ROCKVILLE, Md—Last September, medical oncologist Richard Pazdur, MD, became director of the Division of Oncologic Drug Products at the US Food and Drug Administration. Dr. Pazdur joined the FDA after 12 years on the faculty of the University of Texas M.D. Anderson Cancer Center, where his most recent position was professor of medicine and director of educational programs within the Division of Medicine.
In this interview with Patrick Young, ONI’s Washington Bureau Chief, Dr. Pazdur discusses the FDA’s oncologic drugs approval process and his goals as division director.
ONI: What is the specific mission of your division?
Dr. Pazdur: Basically, it is to review oncology drug products. We interact with investigators and the pharmaceutical industry looking at clinical trial design and clinical data, and discussing with them strategies for eventual drug approval. Our division looks at cytotoxic chemotherapies or hormonal agents for the treatment of cancer. Another division handles biologic products.
ONI: What are your personal goals as director of this division?
Dr. Pazdur: I want to provide the agency with more transparency to the outside world as to its goals and functions. To do that, I want to encourage greater participation of the agency in academic endeavors.
These would include participating with organizations such as the American Association for Cancer Research (AACR), the American Society of Clinical Oncology (ASCO), and the Oncology Nursing Society to inform their membership about FDA practices.

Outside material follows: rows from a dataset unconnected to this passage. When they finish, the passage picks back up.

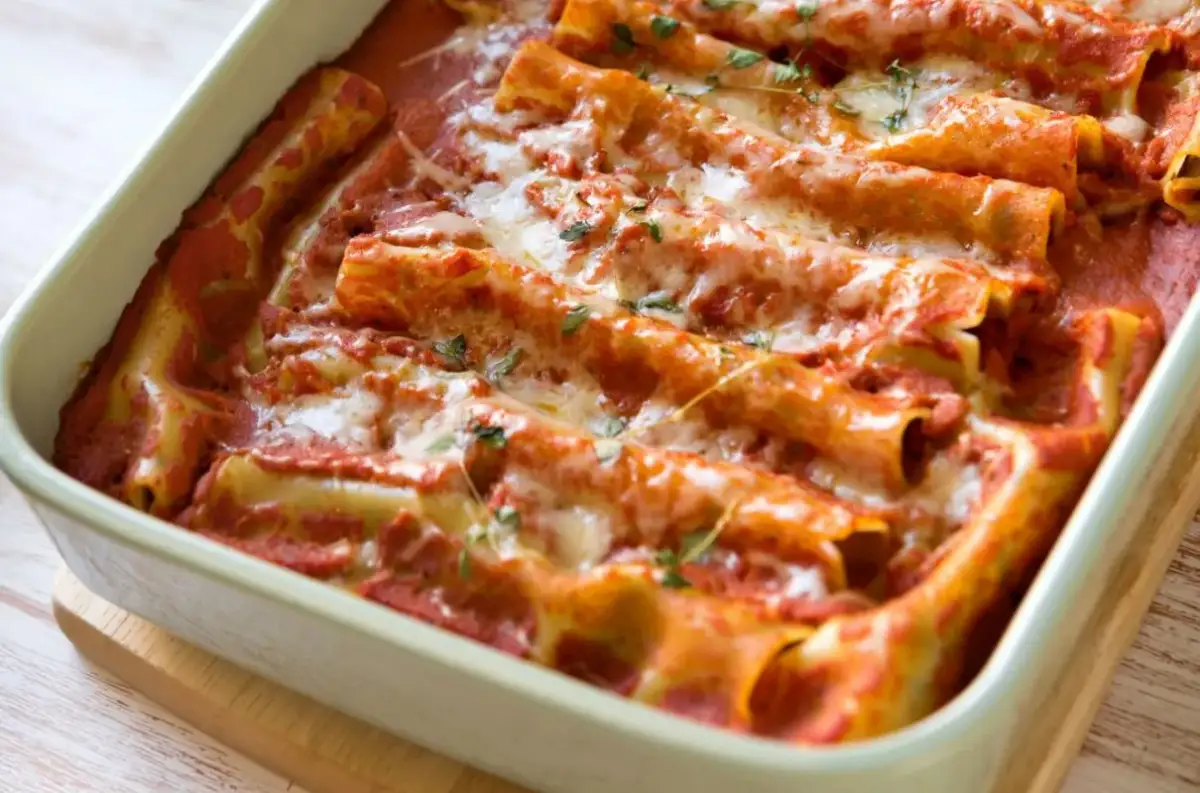Pyszne cannelloni ze szpinakiem, zapieczone pod sosem pomidorowym i serem. Idealne na rodzinny obiad.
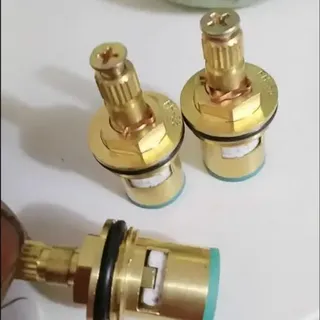 Valve de robinet universelle de remplacement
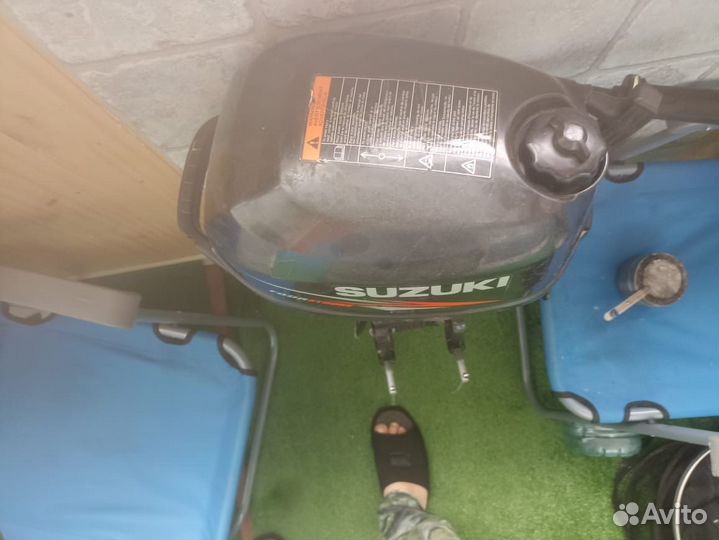 Лодочный мотор Suzuki 2.5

In addition, I want to have a greater dialogue with the cancer advocacy community. This is especially important when we discuss areas of patient benefit that come into play with the oncology drug approval process.

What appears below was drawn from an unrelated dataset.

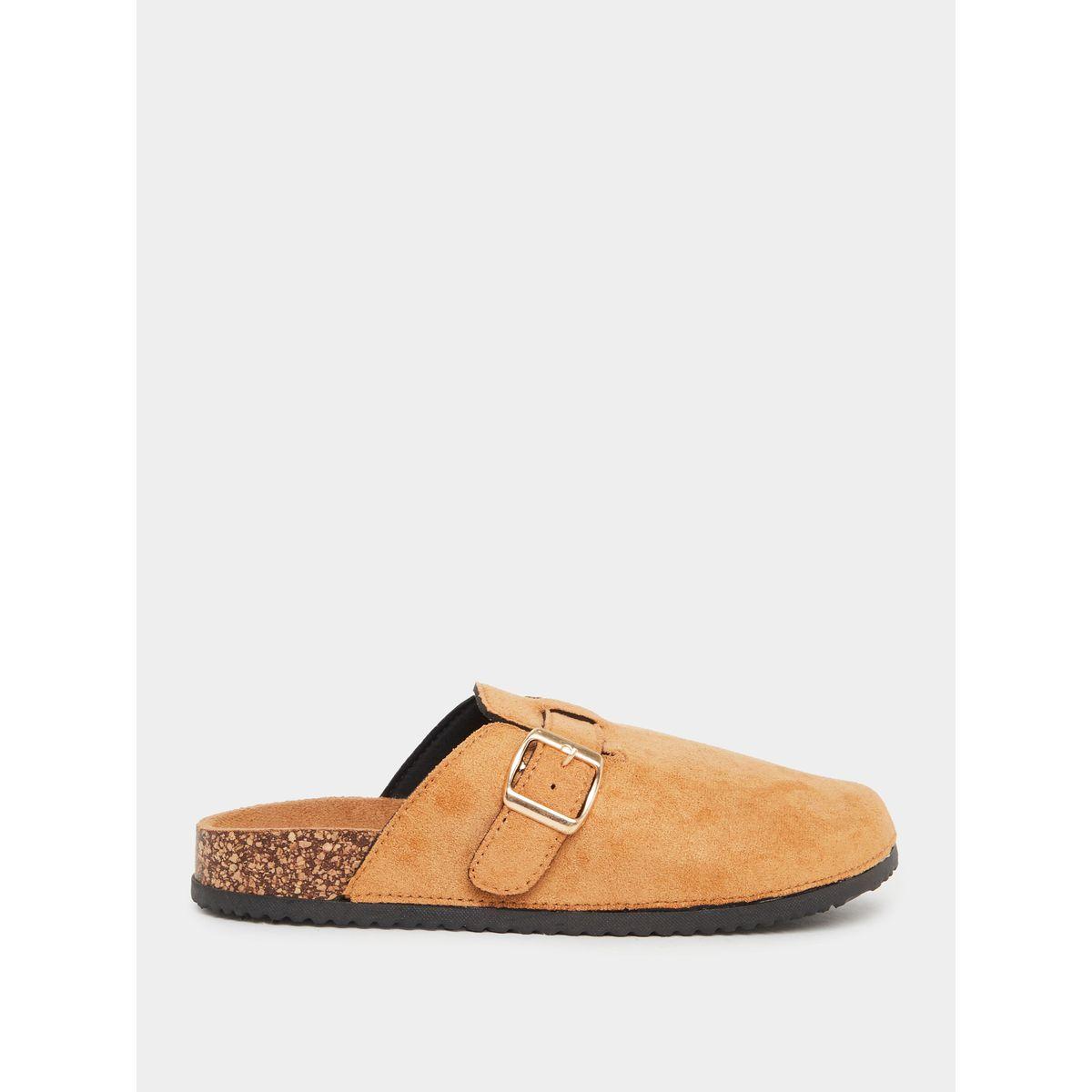 حذاء ميولز بمظهر جلد سويدي ومزين بمشبك إغلاق-women-shoes-flats-mules-image-1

ONI: How would groups like ASCO and AACR get involved?
Dr. Pazdur: I want to interact with them in educational programs. An example of this was a program that we put on at the AACR meeting in San Francisco in March. We held a joint workshop on chemoprevention and endpoints in chemoprevention trials. We are exploring with ASCO the presentation of a program on clinical trial design and one to explain our reasons for approving or not approving specific drugs.
In addition we have talked with ASCO and AACR about publishing, in peer-reviewed journals, review articles generated by the FDA on the drug approval process as well as on specific drugs that have come before our Oncologic Drugs Advisory Committee (ODAC).
ONI: Do you think oncologists are interested in the review process?
Dr. Pazdur: Yes. Most of the people who attend the ODAC meetings are investors, drug company personnel, or others connected to the pharmaceutical industry. But I think most medical oncologists still have an interest in these meetings.
It is important for them to understand the differences between just demonstrating that a drug has activity vs showing that the drug has clinical benefit for the patient. By clinical benefit, I mean patients live longer or symptoms decrease or are prevented by the administration of the particular agent.
The pharmaceutical companies have ample opportunity to publish results of their own clinical trials. We look at our presentations as being somewhat different. Many times, our presentations combine all of the known clinical material—combined clinical trials, looking across clinical trials for trends, for patient benefits, etc—whereas most of the information from a company deals with a specific clinical trial.
We realize that medical oncologists do not rely heavily on the package inserts, or drug labels, even though the FDA spends a great deal of time writing these labels. This is why we would like to use articles in peer-reviewed journals to get our viewpoint across, as well as our concerns and the rationale for specific drug approvals.
ONI: What other goals have you set for yourself as director?
Dr. Pazdur: I would like the ongoing dialogue with the academic community and cooperative groups to include several other important issues, including endpoints in chemoprevention, as mentioned previously, surrogate endpoints, and quality of life.
Measurement of quality of life in clinical trials needs a great deal of research and exploration, because it brings in the patient aspect of the benefit of the drug. The clinical trials community has a poor understanding of how we can use the various tools for measuring quality of life and how drugs may affect quality of life.
We have an ODAC subcommittee assessing quality of life. It is an ongoing dialogue we are going to have this year and perhaps next year. That is a very difficult issue that is not going to be answered by one or two meetings.
ONI: Do you have other areas that you intend to look at with special ODAC subcommittees?
Dr. Pazdur: One of the others is a special pediatrics subcommittee. We have recently outlined a plan for the industry and interested parties to develop new pediatric oncology drugs. We believe the pediatric oncology community has not been well represented in the drug approval process. We want to emphasize the early development of drugs in pediatrics. One of my efforts is to hire more pediatric oncologists to look at these applications.